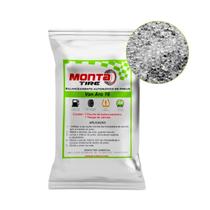 Kit 2 Balanceamento Pneus Microesferas De Vidro Van Aro 16 Kit 2 Balanceamento Pneus Microesferas De Vidro Van Aro 16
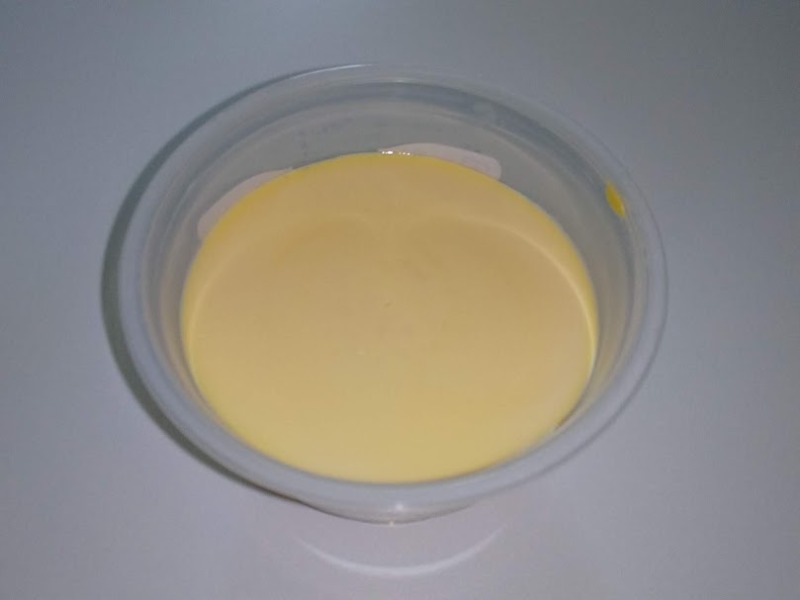 トーラク「Brulee クレームブリュレ」5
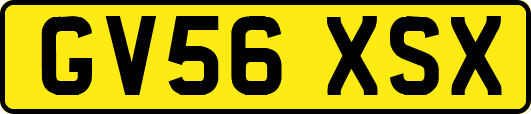 GV56XSX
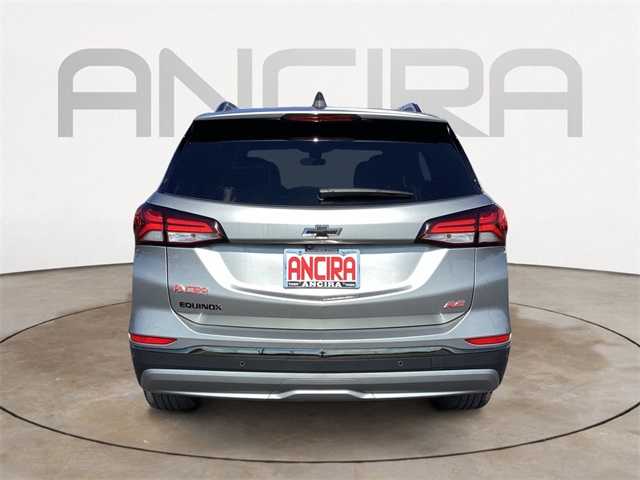 Used Car 2023 Chevrolet Equinox  Rs For Sale In San Antonio, Texas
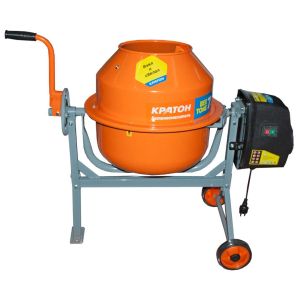 Бетоносмеситель Кратон «BeeTone» 180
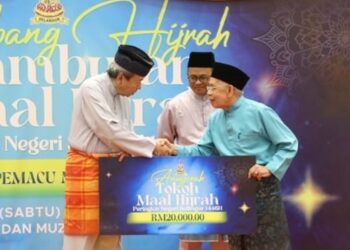 Maal Hijrah Selangor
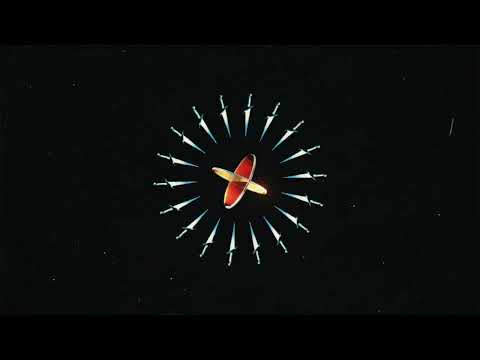 World's First Cinema - Postcard (Official Visualizer)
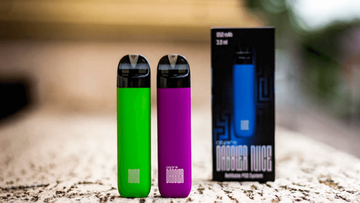 Обзор на Brusko Dabbler Nice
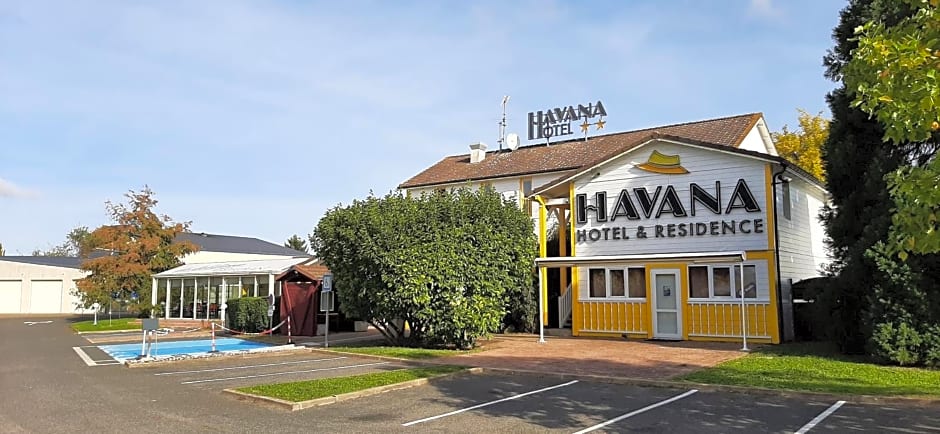 HAVANA Hotel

+ + + +

- [Work to complete]
All lines from the line with "World's First Cinema" through the final line of the listing are to be printed exactly, both ends included; the pictures are not.

- [Exercise solution]
 World's First Cinema - Postcard (Official Visualizer)
 Обзор на Brusko Dabbler Nice
 HAVANA Hotel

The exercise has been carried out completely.